Un actor asturiano en nuestras calles

Escribe Antonio J. González

No se sabe en qué barco vino a la Argentina como tantos otros asturianos inmigrantes. Lo que sí podemos afirmar es que fue un actor de la escena y del cine nacional, entreverado también con el movimiento cultural y artístico que asomaba en nuestra ciudad. Residía con su familia en Dock Sud y cultivaba vínculos y afectos en ese rincón de Avellaneda. Nacido en España en 1898, a los 35 años de edad actúa en su primer película: “Dancing” y dos años después, en 1935, en “Noche de Buenos Aires” y “Picaflor”. Por esa época, un cantor morocho, sonriente, “gauchito”, era el furor de todos. Carlos Gardel cruzaba el Puente Pueyrredón con frecuencia hacia la sede de Leales y Pampeanos, los comités de Alberto Barceló o las fondas y escenarios de la ciudad. En varios de esos días y noches, se encontraba con aquel actor, español de origen, y habitual contertulio de los muchachos de Leales o del Teatro Roma. Alguna noche Carlitos cantó, en gesto muy gardeliano, para los “chochamus” que no podían comprar la entrada para sus actuaciones y lo hizo frente a un reducido grupo de jóvenes en una salita cerca del teatro. Entre ellos, estaba el actor asturiano. Severo Fernández era su nombre y aún se lo recuerda en los escenarios porteños o en la memoria de sus compañeros de los sets de filmación.

Durante más de dos décadas se sucedieron muchos títulos en su filmografía y actuaciones teatrales. Entre las películas podemos nombrar: Jettatore, 1938; Los pagarés de Mendieta y La mujer y el jockey, 1939; La luz de un fósforo, 1940; El tesoro de la Isla Maciel, 1941; La calle Corrientes, 1943; La rubia Mireya, 1948; La historia del tango, 1949: Derecho viejo, 1951; El patio de la morocha y El honorable inquilino, 1951, entre otras. Como vemos algunas de ellas son memorables testimonios del cine argentino.

Actuó junto a los primeros actores y actrices de su época. Lo hizo con Tito Lusiardo, Pedro Quartucci, José Marrone, Alberto Anchart, Zully Moreno, Tita Merello, Narciso Ibañez Menta, Carlos Enríquez, Héctor Quintanilla, Marcelo Ruggero, y muchos otros.
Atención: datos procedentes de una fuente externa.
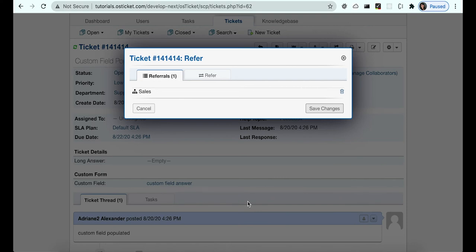The last thing we'll go over in this tutorial is how to refer a ticket to a department during ticket creation. This will happen if we send an email to two different department emails when we create a ticket.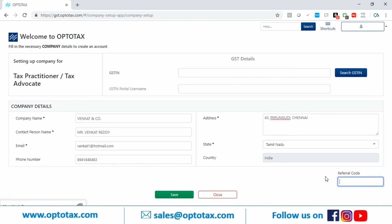The referral code field is for your membership number. A CA has a membership number, an advocate has a registration number, and tax practitioners have a registration number from their certificate. This field is used for validation — to confirm that the registration is being done by a tax professional, since Optotext is exclusively for tax professionals.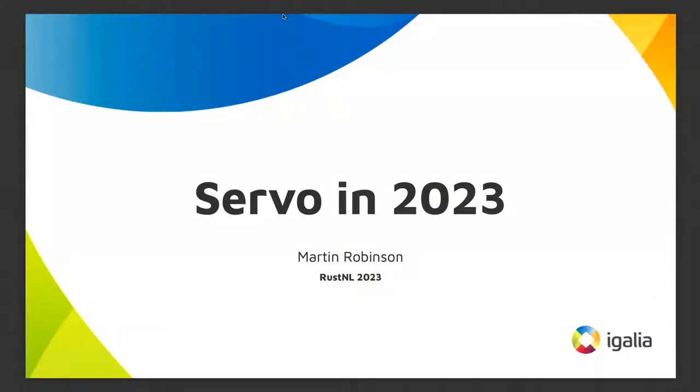I'm Martin Robinson. I work at Igalia, and I'm just here to introduce — or maybe reintroduce — Servo to you all. At Igalia we're working on Servo, and we think it's really cool.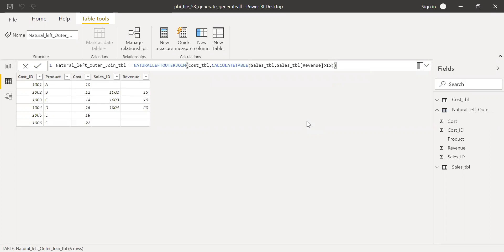No, it did not work. There is no change at all. So applying a filter within the second parameter table in this natural left outer join doesn't work.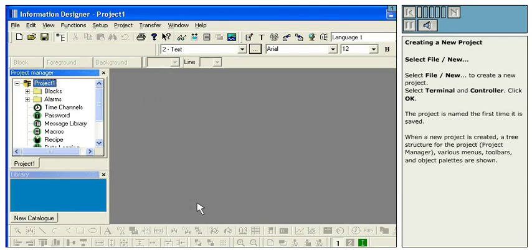When a new project is created, a tree structure for the project, various menus, toolbars, and object palettes are shown.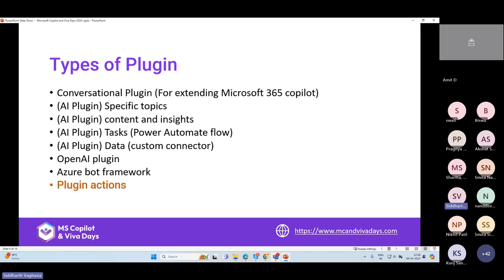You can also create an OpenAI plugin, use the Azure Bot Framework — a code-based framework to create a bot deployable across Teams and other channels — as a plugin. So if you already have bots created previously, you can add them as a plugin to include specific functionality. And then we have plugin actions.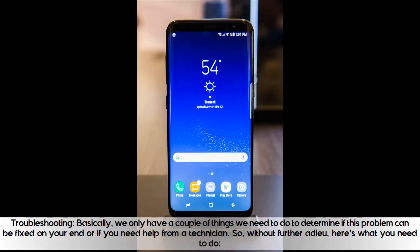Troubleshooting: basically, we only have a couple of things we need to do to determine if this problem can be fixed on your end or if you need help from a technician. So, without further ado, here's what you need to do.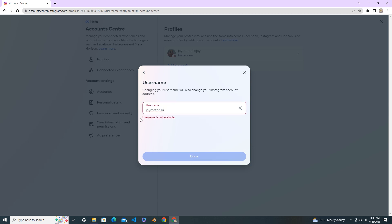This username is also not available. This is my original username, so let's try jmatad123. This is not available, so you can check whether the new username is available or not.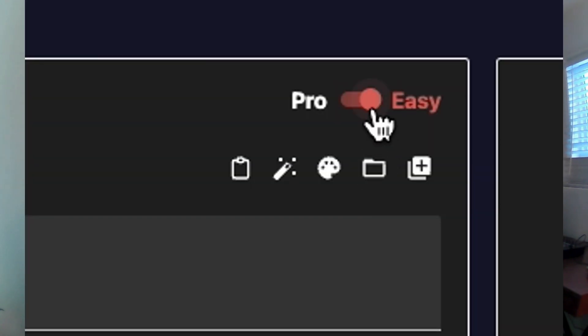Today we're going to have a look into the basic camera settings and show you exactly what they do. The camera settings are applied to each prompt and can be changed by switching to pro mode.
Intervenía especialmente en los repartos como generador de situaciones cómicas, destinadas a provocar a veces la sonrisa y, en ocasiones, la franca carcajada.

En los ’30, la mayoría de ellos provenía de los sectores más bajos de la población pero no dejaban de lado sus orígenes. Con esto se quiere decir que trabajaban en el cine o el teatro para un auditorio que estaba esperando para entretenerse y olvidar, refugiarse de una vida cotidiana de carencias y violencia social, en época de crisis y desempleo. Por lo demás, muchos de esos actores eran subvalorados por sus pares, “los cómicos” les decían con desdén los grandes divos dramáticos de la época.

Severo Fernández no abandonó nunca a su querido Doque. Muchos de sus vecinos lo recordaban con su andar campechano, su gracia hispana, mezclada con un porteñismo adoptado que le daba muy buenos resultados en los teatros de Buenos Aires o en las películas.

Severino, era su verdadero nombre, falleció a los 63 años de edad. La noticia acongojó a su barrio ribereño, a los amigos de esta orilla del Riachuelo y a sus compañeros de las tertulias y encuentros de nuestra ciudad. También a los muchos argentinos que seguían sus historias a través de la pantalla grande o los tablados del Comedia o el Maipo. Es una de las glorias que rescatamos de algún archivo de la memoria.